Carroll County State’s Attorney Haven Shoemaker is calling out Maryland Attorney General Anthony Brown, alleging that he is “poaching” and luring away prosecutors from Carroll to work for the state.

Shoemaker sent a news release Monday morning, claiming that since 2020, eight of Carroll’s 22 prosecutors have resigned and gone to work for the state attorney general’s office.

Shoemaker took office in January 2023, and said during his tenure, Brown’s office has lured three prosecutors away. Brown also took office in January 2023. The Carroll office has three open positions for prosecutors, Shoemaker said.

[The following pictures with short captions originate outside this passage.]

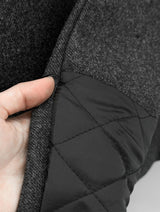 High-neck quilted adjust wool half coat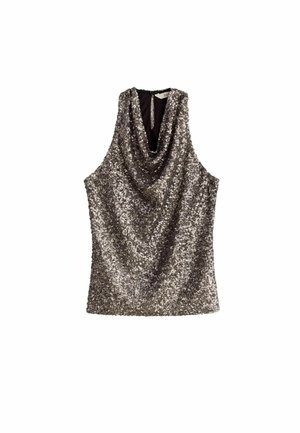 Ärmeloses silbernes Pailletten-Halstop mit drapiertem Ausschnitt und kleinem Rückenschlitz.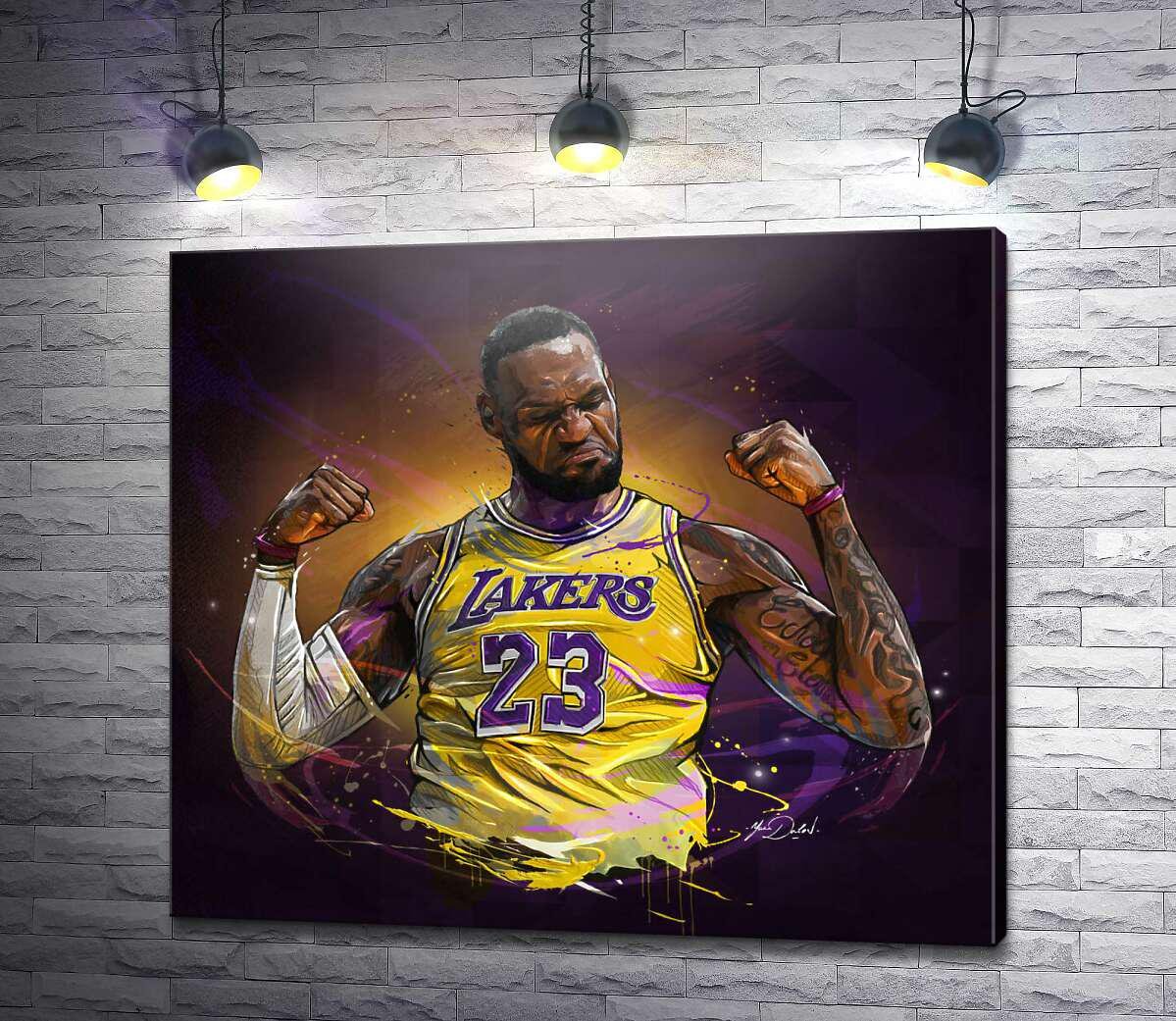 Картина ArtPoster Леброн Джеймс в стойке победителя 130x115 см Модуль №1 (003876)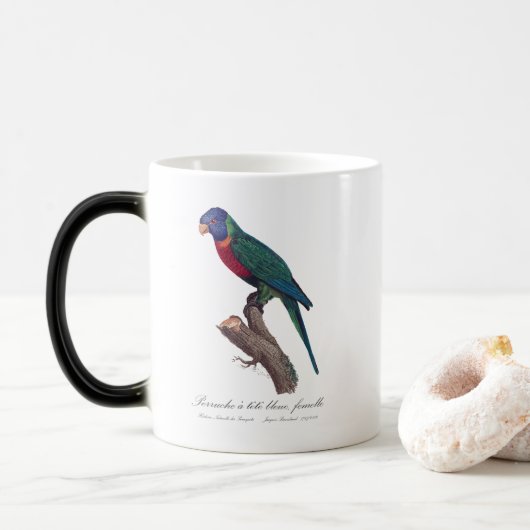 Mug Magique Perruche a tete bleue, femelle / Rainbow lorikeet, (Avec donut)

“Just this calendar year, we’ve lost an up-and-coming District Court prosecutor, our District Court chief, who had been here 19-and-a-half years, and now our felony narcotics prosecutor,” he said. “That’s three, all to the attorney general’s office. Since 2020, we’ve lost eight to the attorney general’s office, which, thanks to its enablers in the legislature, offer better pay and more work-from-home days.”

Brown’s office did not immediately issue a response or comment on Shoemaker’s claims.

Shoemaker said since taking office he has seen the state office “poach and plunder” prosecutors from jurisdictions throughout the state. He declined to give specific examples.

“I don’t want to get too specific, but in several instances, the attorney general’s office has actively recruited my prosecutors to fill the additional positions that the legislature keeps giving them,” he said.

Shoemaker, a Republican, stated in the news release that he blames Democratic lawmakers in the Maryland General Assembly for giving Brown, a Democrat, the OK to take experienced staff from the Carroll office.

“The Democrat-controlled General Assembly likewise has not only turned a blind eye, but has aided and abetted Brown by giving him money and by enacting jurisdiction-stripping legislation,” Shoemaker states. “This empire building in Baltimore has come at the expense of local, duly elected prosecutors in Maryland’s 23 counties and Baltimore City.”

Shoemaker states that while Annapolis lawmakers provide Brown’s office with funding needed to “accomplish his mission,” they in turn slap local offices with mandates and no money to accomplish them.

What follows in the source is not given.